Friday, 11 November 2011

Mamma mia!

The Eurozone debt crisis seems to be causing a few folks at the News International media outlets in the UK to become a bit unhinged. In The Times today there was a long, finger-wagging editorial saying that to solve the debt crisis, it would be necessary for Germany to overcome its qualms about inflation, and allow the ECB to print money and wade into the bond markets.

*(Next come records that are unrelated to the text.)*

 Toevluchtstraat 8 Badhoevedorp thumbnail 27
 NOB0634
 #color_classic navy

Meanwhile, over in the business section, editor Ian King was sounding off against the ECB for....getting involved in the market in advance of Thursday's Italian debt auction! (To the chagrin of doomsayers everywhere, this went surprisingly well, with a bid-to-cover of almost 2). According to Ian King, if any private company intervened in the market just before it issued securities, the people involved would very soon find themselves locked up. Which may be true, at least theoretically, but is of dubious relevance here. Every central bank in the world involves itself in securities markets around the time of new government issues, and in most cases is itself a bidder for the bonds that are being auctioned.

Apparently in Ian King's world, it's fine for short sellers to push up the yields on the paper in advance of the auction, but it ought to be forbidden for the ECB to intervene to keep the market orderly. It's not as if the ECB's action pushed the yields down so low that it caused investors to boycott the auction -- the healthy bid-to-cover is clear evidence of that. As I've written here in the past, ensuring that primary debt sales proceed smoothly is one of the main things that the ECB should be doing as it attempts to navigate its way through the crisis.

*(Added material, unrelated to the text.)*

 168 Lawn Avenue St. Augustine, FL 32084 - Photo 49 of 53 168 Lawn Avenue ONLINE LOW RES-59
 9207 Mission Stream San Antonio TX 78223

Maybe before the next Italian debt sale (next week!), Ian King and The Times editorialists can get together and decide whether they want the ECB to step up its involvement in the market or not. Possibly to help them make a decision, News International stablemate SKY News has recruited a new expert to explain the Italian situation. Step up, on today's "Boulton and Co." lunchtime news broadcast.....Nancy Dell'Olio! Yes, the permatanned, permapouting celebrity hanger-on herself, described on screen as a "former advisor to Silvio Berlusconi". Words fail me, though alas, they did not fail her.